What you are asked to do: Once the line with "#spotlight #polish #polisher" is found in the entries below, repeat it and each following line exactly, up to and including the line with "1033 Black Rd, Sault". Add no other lines.

Material shown:

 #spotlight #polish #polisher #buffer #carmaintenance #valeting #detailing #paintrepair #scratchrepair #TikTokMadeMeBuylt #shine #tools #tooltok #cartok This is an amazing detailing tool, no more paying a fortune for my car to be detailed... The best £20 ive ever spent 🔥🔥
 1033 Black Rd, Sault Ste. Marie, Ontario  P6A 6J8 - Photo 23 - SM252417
---
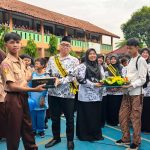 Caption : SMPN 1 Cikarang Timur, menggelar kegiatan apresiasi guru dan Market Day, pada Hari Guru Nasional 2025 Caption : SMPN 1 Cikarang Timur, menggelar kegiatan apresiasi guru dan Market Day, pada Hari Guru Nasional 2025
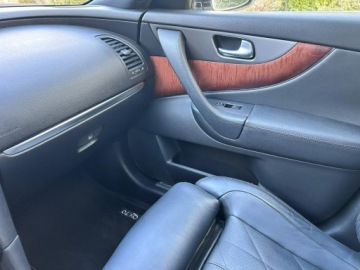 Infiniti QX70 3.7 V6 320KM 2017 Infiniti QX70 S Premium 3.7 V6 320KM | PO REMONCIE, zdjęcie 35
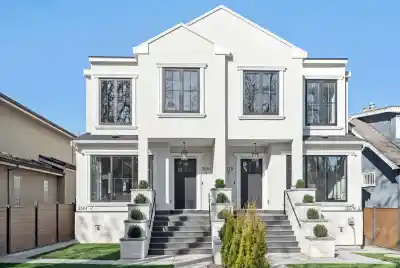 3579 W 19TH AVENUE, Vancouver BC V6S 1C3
---
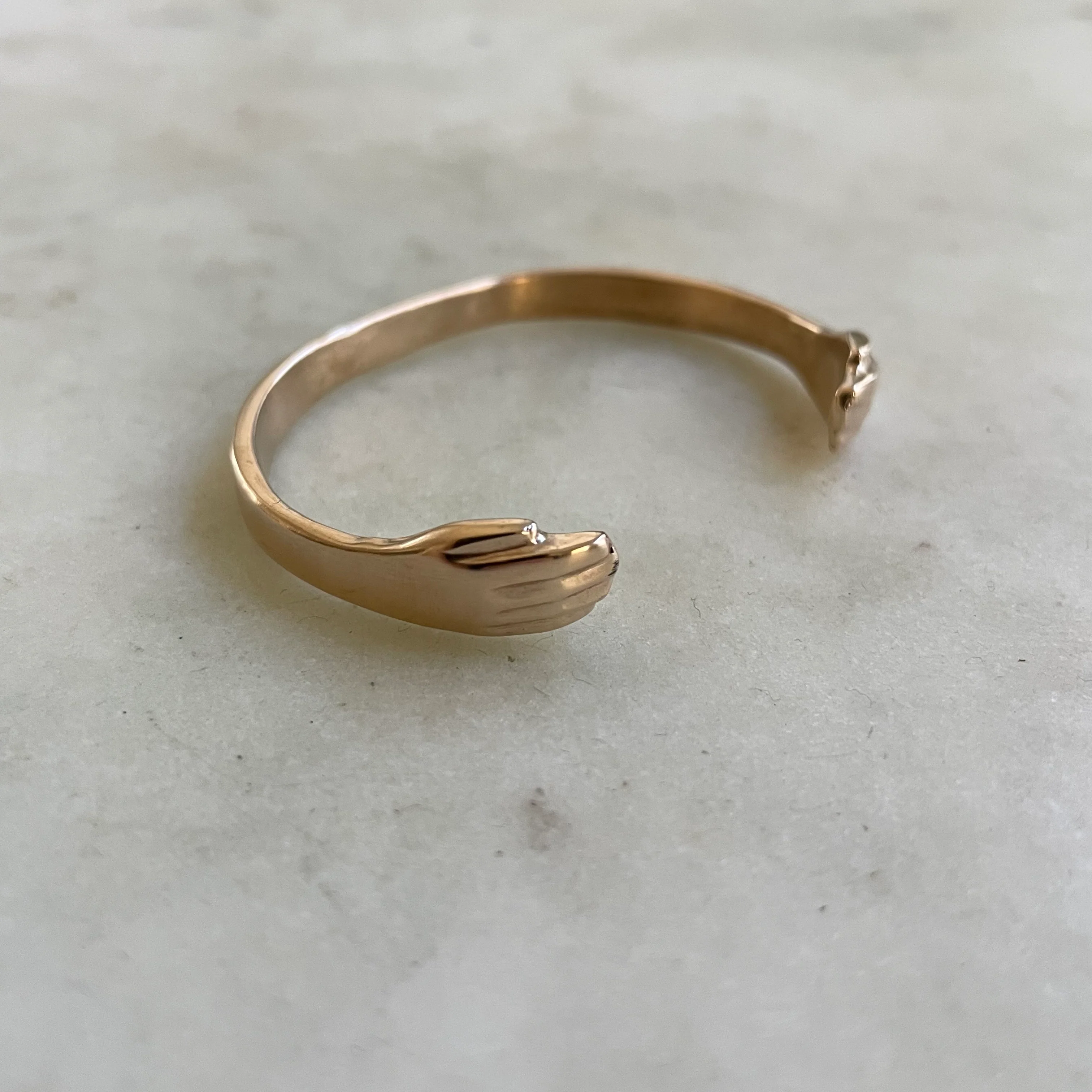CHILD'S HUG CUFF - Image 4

Solution below:
 #spotlight #polish #polisher #buffer #carmaintenance #valeting #detailing #paintrepair #scratchrepair #TikTokMadeMeBuylt #shine #tools #tooltok #cartok This is an amazing detailing tool, no more paying a fortune for my car to be detailed... The best £20 ive ever spent 🔥🔥
 1033 Black Rd, Sault Ste. Marie, Ontario  P6A 6J8 - Photo 23 - SM252417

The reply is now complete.